## [DATA BLOCK]
▬▬▬▬▬▬▬▬▬▬

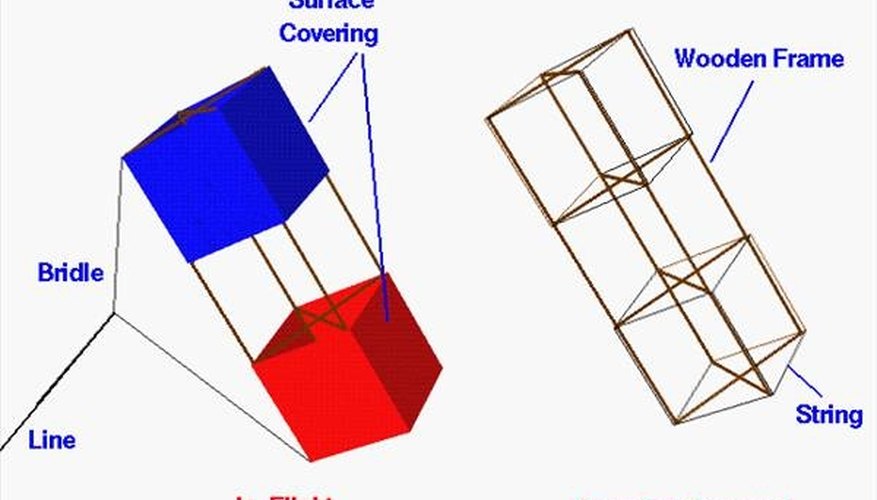 How Do Box Kites Fly? How Do Box Kites Fly?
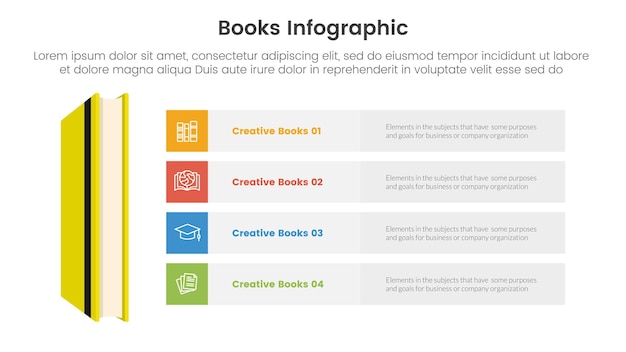 books education collection for infographic template banner with standing yellow note book with rectangle box stack with 4 point stage list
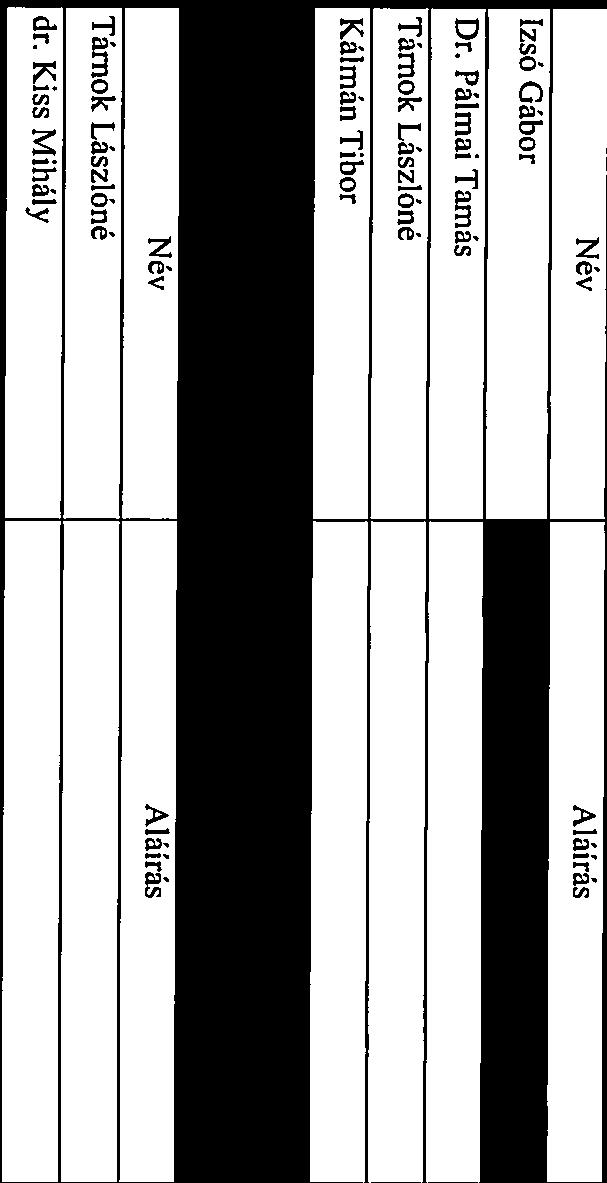 Hegyesiné Béki Anikó Szbó Sándomé Lipcsei Jánosné Békzki András Ddd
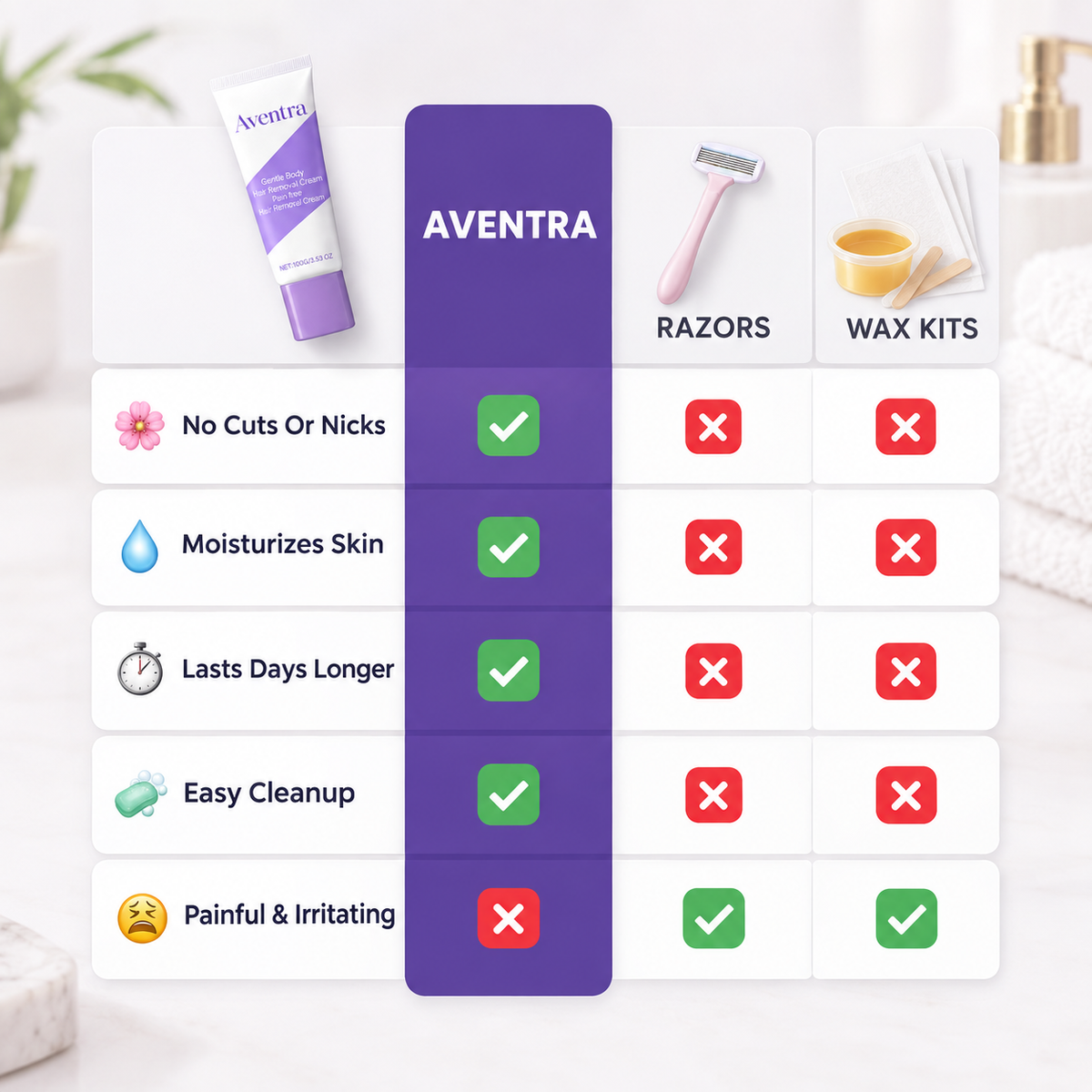 Aventra Smooth Touch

▬▬▬▬▬▬▬▬▬▬

## [EXERCISE]
Without the pictures, repeat the listing exactly as it reads.

## [RESPONSE AREA]
 How Do Box Kites Fly? How Do Box Kites Fly?
 books education collection for infographic template banner with standing yellow note book with rectangle box stack with 4 point stage list
 Hegyesiné Béki Anikó Szbó Sándomé Lipcsei Jánosné Békzki András Ddd
 Aventra Smooth Touch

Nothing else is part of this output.